I was still adrift in some ways, hungry to feed an adventurer’s heart, traveling out West and back repeatedly. Just three years after my first trip, I was camping at Yellow Pines, a backpacker’s camp in Yosemite Valley. For three days, sadness overwhelmed me during the two mile hike back and forth between the camp and Curry Village. I had called home every day but nobody picked up. Finally on a Thursday night, my baby sister answered. She told me Ray had died. I don’t recall what she said or her voice. I just remember the phone dangling from its cord where I had dropped it.
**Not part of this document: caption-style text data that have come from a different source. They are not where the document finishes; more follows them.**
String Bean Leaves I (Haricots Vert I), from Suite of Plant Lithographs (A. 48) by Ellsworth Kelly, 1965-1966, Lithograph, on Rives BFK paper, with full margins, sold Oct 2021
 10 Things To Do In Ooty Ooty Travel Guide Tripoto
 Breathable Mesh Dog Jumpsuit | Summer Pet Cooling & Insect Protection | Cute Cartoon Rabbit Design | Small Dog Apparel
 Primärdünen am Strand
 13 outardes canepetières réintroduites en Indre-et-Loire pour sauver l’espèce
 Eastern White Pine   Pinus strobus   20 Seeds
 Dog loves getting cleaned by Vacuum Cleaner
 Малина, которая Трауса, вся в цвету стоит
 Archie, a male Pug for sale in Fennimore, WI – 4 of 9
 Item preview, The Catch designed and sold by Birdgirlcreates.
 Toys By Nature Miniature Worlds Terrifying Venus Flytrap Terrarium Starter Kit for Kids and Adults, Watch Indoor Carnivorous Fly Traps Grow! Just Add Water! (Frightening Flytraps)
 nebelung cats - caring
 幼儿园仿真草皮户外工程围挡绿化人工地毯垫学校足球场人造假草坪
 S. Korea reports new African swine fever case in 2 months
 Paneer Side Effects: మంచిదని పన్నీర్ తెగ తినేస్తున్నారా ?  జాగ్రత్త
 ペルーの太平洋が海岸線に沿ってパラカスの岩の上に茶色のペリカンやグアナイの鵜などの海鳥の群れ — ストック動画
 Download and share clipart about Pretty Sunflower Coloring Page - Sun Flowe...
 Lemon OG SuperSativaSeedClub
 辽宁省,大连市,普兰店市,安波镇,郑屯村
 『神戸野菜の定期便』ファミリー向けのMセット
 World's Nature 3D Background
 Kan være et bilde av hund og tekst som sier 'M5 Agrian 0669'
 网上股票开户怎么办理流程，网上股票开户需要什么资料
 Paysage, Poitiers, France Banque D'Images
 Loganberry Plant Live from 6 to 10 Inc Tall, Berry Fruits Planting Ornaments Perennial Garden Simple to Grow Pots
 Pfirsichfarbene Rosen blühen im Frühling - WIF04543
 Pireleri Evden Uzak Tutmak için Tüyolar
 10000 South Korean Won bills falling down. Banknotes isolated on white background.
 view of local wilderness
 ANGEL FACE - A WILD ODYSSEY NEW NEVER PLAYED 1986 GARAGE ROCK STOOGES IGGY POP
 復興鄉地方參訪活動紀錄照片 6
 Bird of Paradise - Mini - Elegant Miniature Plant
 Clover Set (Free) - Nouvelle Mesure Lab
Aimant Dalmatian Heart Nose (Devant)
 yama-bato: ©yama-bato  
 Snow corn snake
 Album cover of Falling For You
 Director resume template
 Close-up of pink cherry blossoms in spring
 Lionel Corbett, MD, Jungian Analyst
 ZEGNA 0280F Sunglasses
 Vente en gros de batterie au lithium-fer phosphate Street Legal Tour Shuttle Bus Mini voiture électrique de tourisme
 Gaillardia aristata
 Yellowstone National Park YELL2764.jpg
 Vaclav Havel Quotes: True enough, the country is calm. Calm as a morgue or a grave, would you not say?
I wailed under the moon, crying to the silver granite cliffs, then hitchhiked a ride to the Fresno Airport and took a plane home at midnight so I could attend Ray’s funeral the next day in Chicago on a steamy Friday, Aug. 13.

Those events changed my life so profoundly. I still struggle to see the path of events and the trail they left.

He left us in a mysterious way, and I recently learned something that holds the key to his leaving. It holds understanding and relief and could eclipse the tragedy with something resembling pride. But I need to understand it better before I share it.

Today on his birthday, I remember Ray and I remember the beauty of him and what he brought to all of us. I see the seeds of his short good life in the best days of my own.

His life was a rock in the river of my life and the lives of others who loved him. His presence changed the flow of events unpredictably and permanently.

Today on his birthday, I look behind and I look forward. I can see Ray balancing on this log with joy, in that moment, forever.